Все сказанное относится к антагонизму между формальной и телеологической моралью. Из него можно видеть, как неудобно и ошибочно противопоставлять их друг другу – как «мораль образа мыслей» и «мораль успешности». Ведь нет ни одной этики, которая была бы так слепа и так безбожна, что при оценке поведения совершенно исключала бы образ мысли, обращая исключительное внимание на успех: без сознательной, самое себя определяющей и оценивающей воли вообще не было бы никакой речи ни о поведении, ни о вменяемости, ни о морали и философии морали. Поучать телеологическую этику в этом отношении совершенно излишне. Она только не останавливается на субъективном состоянии действующего лица, но обращает внимание и на объективную сторону, на влияние человеческого поведения на жизнетворчество и жизненные ценности. И только таким путем она полагает достигнуть настоящего понимания феноменов нравственной жизни как со стороны ее психологически-антропологической конструкции, так и со стороны ее значения для человеческой исторической жизни. Формальная же философия морали лишает этику присущих ей связей с действительностью и жизнью, ибо она либо пригвождает ее к бесплодной скале простой формы «чистой воли», либо пытается установить «содержание воли», выжимая его всеми правдами и неправдами опять-таки из формы. Поэтому лозунгом этики должно быть не «назад к Канту!», а «наконец, долой Канта!». Нотабене: освобождение от Канта, теоретика-моралиста; совсем иное дело, каково его значение в качестве этической личности или морального проповедника.

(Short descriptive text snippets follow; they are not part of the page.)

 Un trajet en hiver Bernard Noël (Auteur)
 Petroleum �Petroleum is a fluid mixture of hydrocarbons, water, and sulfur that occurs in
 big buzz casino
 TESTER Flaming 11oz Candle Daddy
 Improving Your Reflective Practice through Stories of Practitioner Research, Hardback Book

В форме примечания я прибавляю еще следующее. Согласно нашему взгляду, вообще добро и благо, зло и страдание связаны между собой как причина и следствие: хорошие поступки влекут за собой для лица действующего и его окружающих следствия, испытываемые с чувством удовлетворения; дурные поступки вызывают чувство страдания, при этом нужно, конечно, иметь в виду не только ближайшие следствия, но и более отдаленные, равно как и то, что существуют не только чувственные, но и духовные ощущения блага и страдания. Но закон, связывающий добро и благо, зло и страдание, очевидно, допускает исключения; то обстоятельство, что мировой процесс часто попадает в противоречие с этим законом, с требованием справедливости, принадлежит к наиболее драматическим переживаниям человечества: подлец, лжец, лицемер часто благоденствуют, а человек честный, которому совесть не позволяет идти дурными путями, терпит невзгоды.

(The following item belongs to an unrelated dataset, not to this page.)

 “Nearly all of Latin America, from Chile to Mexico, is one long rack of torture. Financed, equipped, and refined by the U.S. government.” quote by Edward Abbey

Стоит признать этот факт (а ни одна этика не может закрыть на это глаза), как возникает вопрос: как быть с этим? Можно, правда, заявить, что этика имеет дело с законами, не имеющими характера законов природы в строгом смысле этого, «с законами эмпирическими, формулирующими хотя и регулярное, но допускающими исключения, бывание, – совершенно так же, как и законы биологии. В жизни вообще имеет значение «обычное», ώς έπί τό πόλυ Аристотеля. Но жало упомянутого противоречия этим не устраняется. Для его устранения можно избрать два пути: либо утверждать, что в конечном счете все же хороший благоденствует, а злой страдает, либо установить, что добро и благо, зло и страдание непосредственно тождественны в ощущении. К первому разрешению противоречия склоняется религия, ко второму – философия; первая ссылается на уравнение в будущем, вторая – на равенство в настоящем.

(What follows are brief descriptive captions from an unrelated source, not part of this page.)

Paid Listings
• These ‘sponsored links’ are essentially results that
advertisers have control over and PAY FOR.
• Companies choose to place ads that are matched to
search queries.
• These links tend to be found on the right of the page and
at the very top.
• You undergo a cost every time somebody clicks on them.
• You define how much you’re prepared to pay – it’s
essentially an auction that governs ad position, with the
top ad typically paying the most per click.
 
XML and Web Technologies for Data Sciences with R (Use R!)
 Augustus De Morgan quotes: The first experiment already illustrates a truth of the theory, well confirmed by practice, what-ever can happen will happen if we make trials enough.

Ни один народ не был так сильно возмущен кажущейся несправедливостью мирового процесса, как израильский, основная моральная структура которого дана в понятиях «закон» и «справедливость»; во всей его литературе звучит патетическая жалоба на благоденствие безбожника и невзгоды праведного, и в Иове она достигает степени обвинения самого Господа Бога и его несправедливости. Решение, к которому на этой почве каждый раз подходит мышление, чтобы не впасть в отчаяние, следующее: в конечном счете наступает перелом, безбожник низвергается с вершины счастья, достигнутого мерзким путем, а праведник возвышается, и совершается это в настоящей жизни, ибо другой жизни не существует. Христианство принципиально сохраняет это решение, но переносит перелом в потусторонний мир: там, на последнем Суде, произойдет справедливое уравнение между моральной ценностью и жизненным жребием. Правда – нужно добавить – в действительном ощущении христианина это уравнение происходит раньше: он не только питается надеждой на блаженство, но и в настоящем чувствует себя под сенью благости Божьей, независимо от внешних жизненных судеб и обстоятельств.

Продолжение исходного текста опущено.